Hikayenin sonuna geldik ama farklı bir bakış açısıyla. Bu ilerleme, gelişme, iyileştirme, rahatlık, maddi destek değil - bunlar ülser, salgın, savaş, kıtlık, ölüm ve yıkımdır. Cehennem medeniyetiyle karşı karşıyayız. Ve eğer kendimiz onun bir parçasıysak, onunla nasıl savaşabiliriz? Aynı yöntemlerle savaşırsak, kendimiz laik, ilerici, rahat, liberal olursak - savaş halinde olduğumuz kolektif Batı'yı nasıl yenebiliriz? Toplumumuz hazır olabilirdi -insanlarımız geleneksel köklere olan bağlılıkları sayesinde var olurlar- ama siyasi sistem, varlığı uzun süredir inkar edilmiş bir şeyle savaşmaya kesinlikle hazır değildi.

Cumhurbaşkanımızın Rusya'nın geleneksel kimliği açısından giderek daha spesifik hale gelen konuşmaları olan Geleneksel Değerler Yasası, giderek daha spesifik, net formülasyonlarla, bugün kim olduğumuzun formülasyonuna yaklaşıyoruz.

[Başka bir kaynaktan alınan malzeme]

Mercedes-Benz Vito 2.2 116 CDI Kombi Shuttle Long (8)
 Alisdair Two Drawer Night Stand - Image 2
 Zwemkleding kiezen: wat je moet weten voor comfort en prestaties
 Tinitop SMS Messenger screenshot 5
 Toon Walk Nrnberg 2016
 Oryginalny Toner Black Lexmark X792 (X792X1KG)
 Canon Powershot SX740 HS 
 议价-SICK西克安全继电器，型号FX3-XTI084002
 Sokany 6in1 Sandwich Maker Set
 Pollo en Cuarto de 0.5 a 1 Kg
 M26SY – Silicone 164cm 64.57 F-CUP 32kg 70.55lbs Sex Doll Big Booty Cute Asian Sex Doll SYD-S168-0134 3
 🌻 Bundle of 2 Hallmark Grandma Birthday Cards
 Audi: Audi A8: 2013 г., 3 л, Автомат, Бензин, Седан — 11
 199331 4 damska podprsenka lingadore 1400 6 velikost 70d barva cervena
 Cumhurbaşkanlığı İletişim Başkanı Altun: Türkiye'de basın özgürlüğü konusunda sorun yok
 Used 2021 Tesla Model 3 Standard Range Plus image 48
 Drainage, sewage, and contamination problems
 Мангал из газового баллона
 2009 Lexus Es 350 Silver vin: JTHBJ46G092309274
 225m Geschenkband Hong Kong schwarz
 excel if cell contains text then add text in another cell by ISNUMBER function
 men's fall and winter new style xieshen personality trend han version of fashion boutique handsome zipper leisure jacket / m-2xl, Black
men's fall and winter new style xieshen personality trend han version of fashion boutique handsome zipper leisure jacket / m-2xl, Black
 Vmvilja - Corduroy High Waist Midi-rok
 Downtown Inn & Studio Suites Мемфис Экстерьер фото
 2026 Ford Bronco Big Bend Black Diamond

Ama bugün t.z ile beraberiz. Gelenekler her zaman kim olduğumuz, atalarımızın kim olduğu, kurucu babalarımız, azizlerimiz - Rus Kilisemizin, Rus devletimizin, Rus ailemizin ve Rus medeniyetimizin temelini atanlardır. Rus geleneğimiz aracılığıyla Rus sonsuzluğunun bu boyutunu edinmeliyiz. Manevi savaşta boyut. Bunu yapmak için sadece kazanmak gerekli değildir: değişmemiz, içsel olarak değişmemiz gerekir. Bu manevi savaşı kendi toplumumuzda, kendimizde - devletimizde, halkımızda kazanmalıyız. Bu nedenle, insanlar bugün birleşmiştir:

Bugün birlik olmalıyız ama değişmeliyiz: bugün içinde bulunduğumuz durumda. Modernite ve Postmodernitenin temelde zombileştirilmiş unsurları olarak, bu savaşı kazanamayacağız, çünkü bu savaş kutsaldır. Bu savaş gerçekten ölümcül. Bu bizim son kavgamız.